For the biological interpretation of highly significant modules P-value = 0, the Cytoscape [16] plug-in ClueGO [2] has been used to perform pathway enrichment analysis. Genes of significant modules are used for pathway enrichment analysis. For the current analysis, the threshold for P-Value was set to 0.05 and the minimum number of genes associated with a term was set to 3. WikiPathways database [9] has been used as background database for the current study.

Fig. 2.
figure 2

Pathway enrichment analysis

Figure 2 represents pathway terms obtained by MatrixEQTL and MIMRMS. From the figure, it is seen that the module selected by MatrixEQTL contains genes that are mainly associated with the process of protein synthesis. It indicates that they are housekeeping genes. On the other hand, modules generated by MIMRMS algorithm generates modules whose members are more associated with pathways in cancer. However, two modules from MIMRMS algorithm selected housekeeping genes. The terms generated for MIMRMS modules like miRNA targets in ECM and membrane receptors, Senescence and Autophagy in Cancer, and so forth are cancer associated pathways.
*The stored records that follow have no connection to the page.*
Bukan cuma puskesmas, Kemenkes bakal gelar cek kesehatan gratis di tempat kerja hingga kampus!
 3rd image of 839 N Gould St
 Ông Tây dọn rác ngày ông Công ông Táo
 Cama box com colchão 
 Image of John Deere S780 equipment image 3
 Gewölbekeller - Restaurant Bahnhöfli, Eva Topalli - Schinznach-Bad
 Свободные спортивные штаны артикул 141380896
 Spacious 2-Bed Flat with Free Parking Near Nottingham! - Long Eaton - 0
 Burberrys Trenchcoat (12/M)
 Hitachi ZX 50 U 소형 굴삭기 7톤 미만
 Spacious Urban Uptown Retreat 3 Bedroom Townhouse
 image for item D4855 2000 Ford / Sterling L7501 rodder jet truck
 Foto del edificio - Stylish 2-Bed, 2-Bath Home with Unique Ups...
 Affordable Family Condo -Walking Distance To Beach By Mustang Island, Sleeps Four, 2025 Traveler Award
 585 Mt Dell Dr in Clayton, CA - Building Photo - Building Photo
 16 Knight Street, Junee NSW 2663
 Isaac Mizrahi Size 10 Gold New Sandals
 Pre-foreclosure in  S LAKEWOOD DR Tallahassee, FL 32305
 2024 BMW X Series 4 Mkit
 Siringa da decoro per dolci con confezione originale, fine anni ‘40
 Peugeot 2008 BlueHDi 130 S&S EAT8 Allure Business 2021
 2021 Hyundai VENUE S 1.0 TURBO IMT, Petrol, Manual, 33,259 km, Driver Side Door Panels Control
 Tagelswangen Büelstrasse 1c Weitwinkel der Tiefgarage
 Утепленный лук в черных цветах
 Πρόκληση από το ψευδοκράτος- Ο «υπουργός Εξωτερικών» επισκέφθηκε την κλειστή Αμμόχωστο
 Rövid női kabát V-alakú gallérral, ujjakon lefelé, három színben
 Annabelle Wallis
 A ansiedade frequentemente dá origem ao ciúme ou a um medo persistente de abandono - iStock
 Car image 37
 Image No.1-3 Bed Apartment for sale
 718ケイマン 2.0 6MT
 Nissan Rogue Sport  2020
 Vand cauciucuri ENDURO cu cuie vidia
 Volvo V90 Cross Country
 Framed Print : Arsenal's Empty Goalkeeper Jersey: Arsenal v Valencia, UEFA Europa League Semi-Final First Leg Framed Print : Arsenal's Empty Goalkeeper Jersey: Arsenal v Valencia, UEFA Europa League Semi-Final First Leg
3.3 Disease Ontology Enrichment Analysis

Further analysis of the most significant networks (one MatrixEQTL and 5 MIMRMS) was done using disease ontology (DO) enrichment analysis. The R package DOSE [18] was used. This package identifies a statistically significant disease ontology term that is associated with a set of genes. Here, DO id’s with P-value 0.05 are selected. Table 3 represents the DO terms and their respective P-values. From the table, it is seen that the MatrixEQTL do not generate any relevant DO term with respect to Ovarian cancer. Whereas, one of the modules of the MIMRMS generates DO term that is highly relevant to Ovarian cancer (bold text). The result indicates that the MIMRMS algorithm efficiently selects regulatory networks compare to other existing methods. According to miR2Disease [8] all the miRNAs mentioned (both MatrixEQTL and MIMRMS) in Table 2 are associated with ovarian cancer.

Table 3. Comparative analysis of association of modules with diseases

4 Conclusions

The paper presents an integrative approach for automatic detection of regulatory network by applying the existing MIMRMS algorithm. The importance of MIMRMS algorithm over other existing algorithms is demonstrated in terms of identification of miRNA-mRNA regulatory modules. The MIMRMS algorithm generates more significant regulatory modules that are highly related to ovarian cancer. The obtained regulatory modules may be helpful for understanding the underlying etiology of the disease.